Nanoparticles May Mean Less Cancer Drugs

nanoparticlesThe potential for the concentrations of drugs, used in cancer treatments, to be significantly lower could be the result of a new, man made, polymer being created by Rania Harfouche and his team.

Electronically published on the Proceedings of the National Academy of Sciences, the data shows that the nanoparticles after being filled with cisplatin, a drug used against cancer, cause the death of bad cells. And tumor growth was slowed down in laboratory mice.

Shiladitya Sengupta, who was also involved in the American research, believes that the potential to hit predetermined tumors is considerable. Furthermore cancers such as those found in the liver, pancreas and breasts, that are always very difficult to treat, will benefit from these nanoparticles.

At the moment the only way to treat most cancers is an aggressive course of chemotherapy, where every toxic drug are taken by the patient resulting in many side effects and a lot of distress.[Cancer chemotherapy]

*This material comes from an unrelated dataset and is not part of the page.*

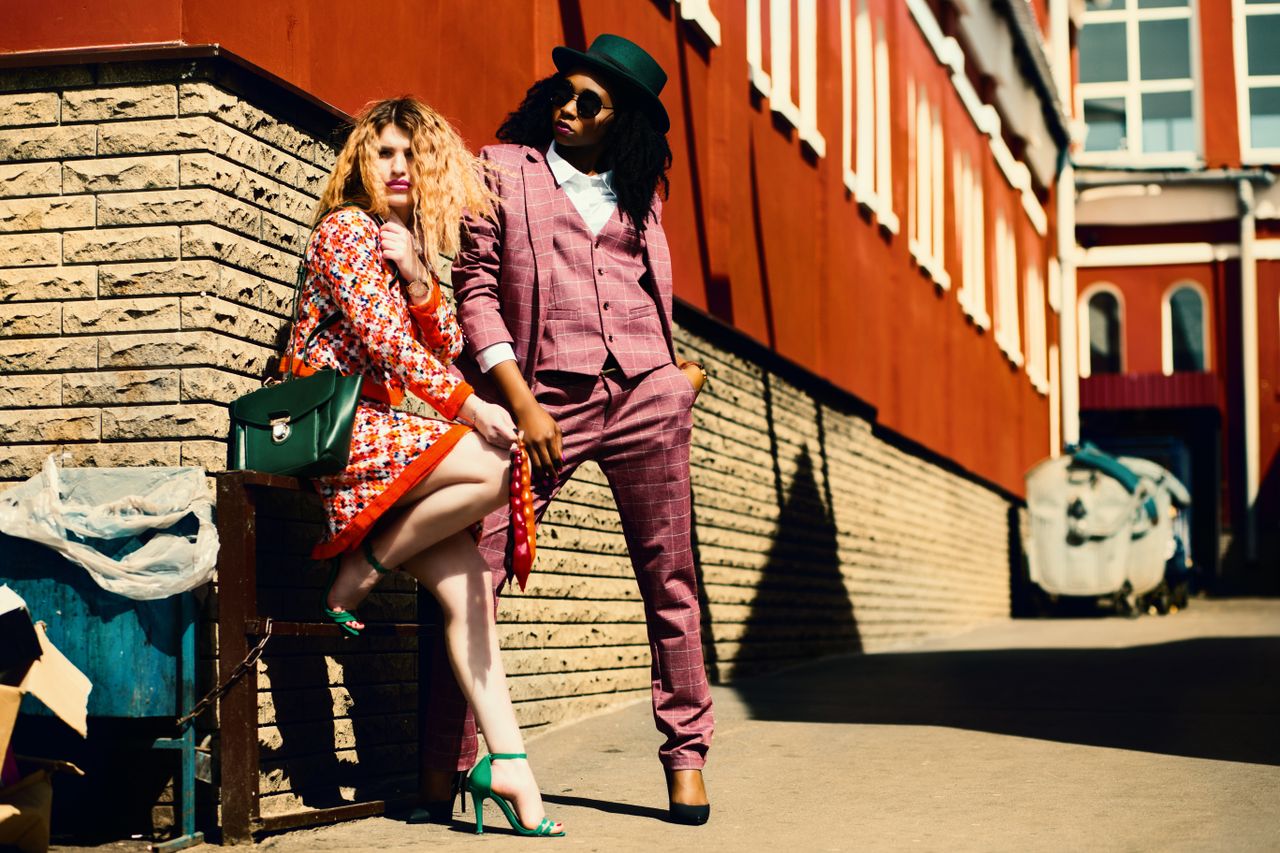 Services-03 Fashionable duo posing outdoors in vibrant outfits, embracing urban style and confidence.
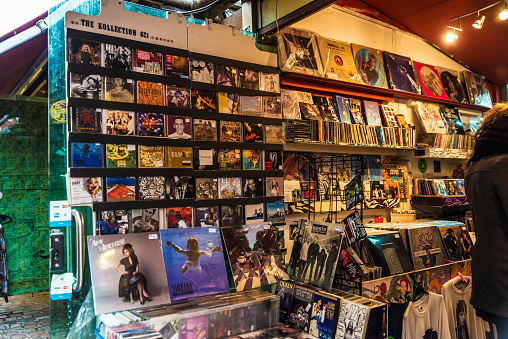 London, England UK  - December 31, 2017: Shop of vinyl records and music CD in Camden Lock Market or Camden Town with people around in London, England, United Kingdom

These new safer nanoparticles are being developed at the Harvard-MIT Division of Health Sciences & Technology and the Brigham & Women’s Hospital.

They are designed to hinder the microtule-associated protein/microtubule affinity regulating kinases (MARK) signaling pathway. The latter is implicated in nearly all tumors found in humans. Once slowed down this MARK signaling will allow for a greater amount of anti cancer medicine to the requisite areas of the body.

The potential to treat cancer sufferers with drugs more likely to be successful but with lesser side effects this whole research program is seen as a real breakthrough.